Rose controversy left lasting shadow

Published: October 28, 2011
Section: Editorials


Celebrating the reopening of The Rose Art Museum, Brandeis community members talked about a new era for the university this week. But as much as the Rose debacle resonated with the arts community, the lessons of the crisis that followed resonated with many others who were unfamiliar and uninterested in the role of the arts at Brandeis.

What the university made clear in 2009 was that the original decision to close The Rose never considered the artwork.

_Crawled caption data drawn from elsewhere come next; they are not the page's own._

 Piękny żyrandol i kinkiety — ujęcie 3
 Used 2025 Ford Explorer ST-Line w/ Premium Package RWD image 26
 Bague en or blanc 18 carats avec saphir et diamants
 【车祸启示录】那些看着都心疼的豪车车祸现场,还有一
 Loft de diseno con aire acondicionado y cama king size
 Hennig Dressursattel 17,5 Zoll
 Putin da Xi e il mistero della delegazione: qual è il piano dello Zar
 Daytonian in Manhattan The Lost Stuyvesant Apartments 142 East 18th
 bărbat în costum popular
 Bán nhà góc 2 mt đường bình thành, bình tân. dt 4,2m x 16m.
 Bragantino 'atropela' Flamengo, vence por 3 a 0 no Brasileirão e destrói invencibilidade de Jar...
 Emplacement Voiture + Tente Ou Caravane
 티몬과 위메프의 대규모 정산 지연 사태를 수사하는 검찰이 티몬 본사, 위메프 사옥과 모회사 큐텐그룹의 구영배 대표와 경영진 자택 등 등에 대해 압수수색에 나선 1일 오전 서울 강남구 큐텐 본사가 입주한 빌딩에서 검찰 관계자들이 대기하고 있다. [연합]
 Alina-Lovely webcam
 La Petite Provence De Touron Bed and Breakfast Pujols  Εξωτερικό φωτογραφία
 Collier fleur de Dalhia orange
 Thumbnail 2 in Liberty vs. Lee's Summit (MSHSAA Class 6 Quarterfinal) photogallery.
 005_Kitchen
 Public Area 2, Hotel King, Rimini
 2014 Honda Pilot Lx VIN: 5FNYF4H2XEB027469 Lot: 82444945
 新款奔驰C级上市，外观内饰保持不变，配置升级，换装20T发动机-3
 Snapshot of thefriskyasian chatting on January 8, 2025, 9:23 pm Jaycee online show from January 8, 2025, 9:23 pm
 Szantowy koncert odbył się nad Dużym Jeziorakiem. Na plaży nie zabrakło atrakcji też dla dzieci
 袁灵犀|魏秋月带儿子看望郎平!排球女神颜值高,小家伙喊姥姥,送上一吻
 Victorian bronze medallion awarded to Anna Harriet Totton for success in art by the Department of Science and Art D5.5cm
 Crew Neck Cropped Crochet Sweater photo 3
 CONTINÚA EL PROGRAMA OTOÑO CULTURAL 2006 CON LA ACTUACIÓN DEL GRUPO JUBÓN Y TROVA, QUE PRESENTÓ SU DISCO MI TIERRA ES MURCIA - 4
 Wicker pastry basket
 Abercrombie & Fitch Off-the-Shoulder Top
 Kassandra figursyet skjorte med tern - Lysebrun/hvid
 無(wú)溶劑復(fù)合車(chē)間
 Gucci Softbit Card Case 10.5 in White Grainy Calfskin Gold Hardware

It was about an organization trying to close a budget deficit during a global recession, an institution trying to weigh the trade-offs between laying off workers, cutting academic departments and selling art to rescue finances.

Then-President Jehuda Reinharz and management focused on the financial reasoning of the decision, not the wide-ranging impact on the community. The lesson from The Rose is clear: When leaders make decisions they need to listen to a wide range of voices and not just from their closest advisers. Had university leaders and trustees solicited feedback from the arts community before they announced their decision to sell the art, Brandeis would have been prepared for the response that followed and perhaps it would have conveyed or crafted it differently.

The Rose controversy also taught the university that communication and transparency, whether to students or alumni, is crucial for community members to feel connected. The original idea to sell the art was poorly thought out but its reasoning was not. Like all other institutions, in 2009 Brandeis was forced to make difficult decisions in order to account for unexpected and expanding losses of revenue.

Decisions must me based on what is best for the university and that includes the impact it has on all people associated with the school. While financial stability is undoubtedly tied to the success and progress of universities, so to is it tied to the pride students and alumni have in their school.

For students both in and outside of the arts community, the Rose debacle shifted the focus of Brandeis so far from what we want our vision and image to be in the world. Now, we are just grateful to close the Rose chapter, mindful of the lessons that came with it, and continue to rebuild Brandeis’ image and influence in society.